▸ **DATASET EXCERPT**
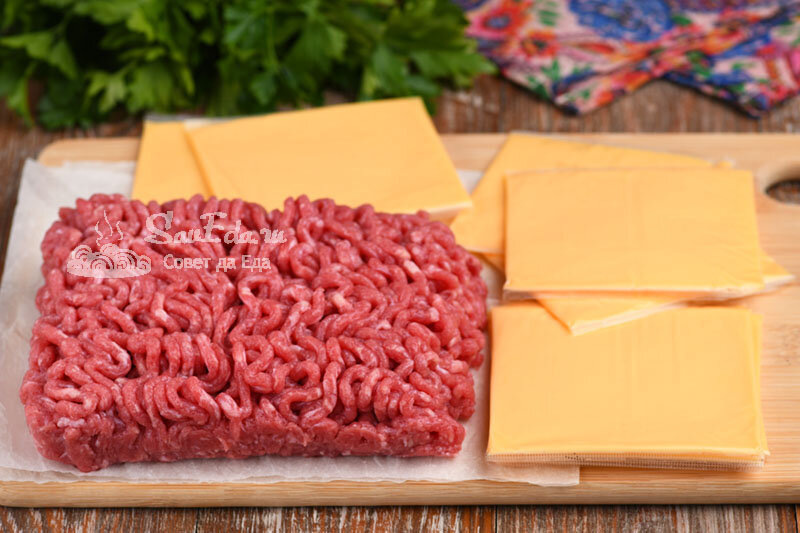 Из фарша и плавленого сыра готовлю интересное блюдо (отлично и на закуску, и с гарниром)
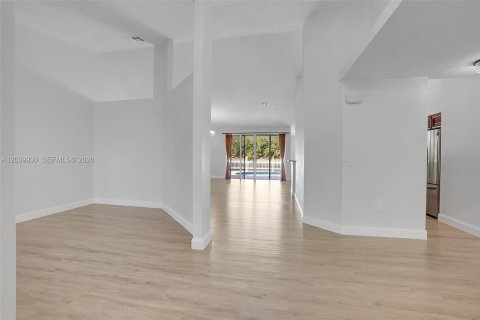 House in Coral Springs, Florida 4 bedrooms, 222.32 sq.m. № 2086651 - photo 7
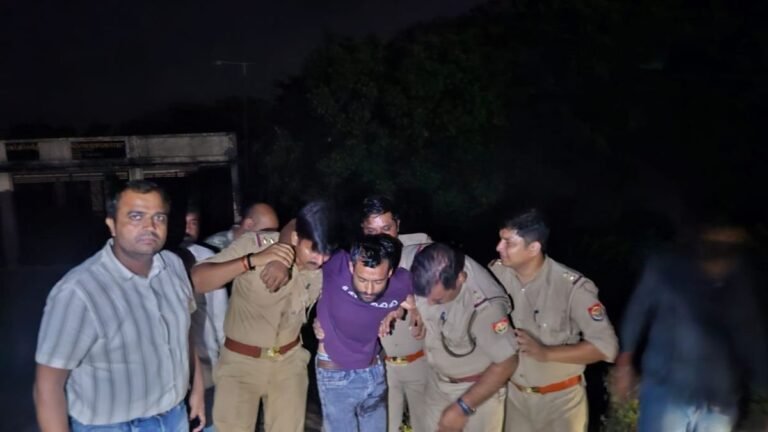 Gonda में पुलिस मुठभेड़ में गोतस्कर के पैर में लगी गोली, दो साथी गिरफ्तार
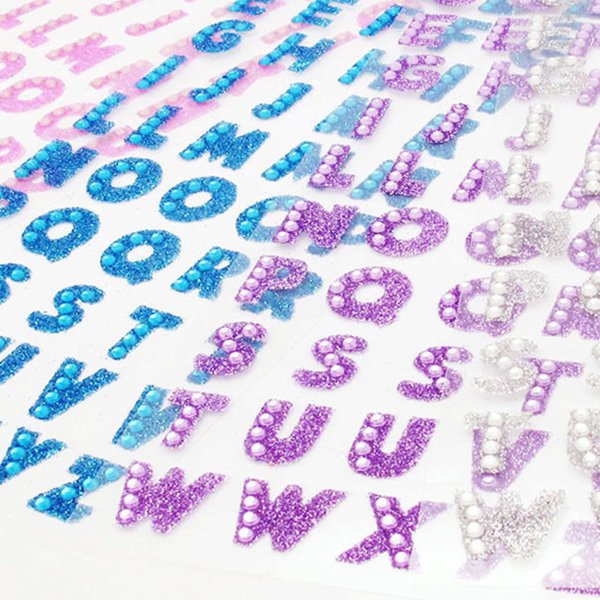 Блесточки и наклейки для ногтей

▸ **ASSIGNED TASK**
Strip the images and return the remaining data exactly.

▸ **ANSWER FOR THE TASK**
 Из фарша и плавленого сыра готовлю интересное блюдо (отлично и на закуску, и с гарниром)
 House in Coral Springs, Florida 4 bedrooms, 222.32 sq.m. № 2086651 - photo 7
 Gonda में पुलिस मुठभेड़ में गोतस्कर के पैर में लगी गोली, दो साथी गिरफ्तार
 Блесточки и наклейки для ногтей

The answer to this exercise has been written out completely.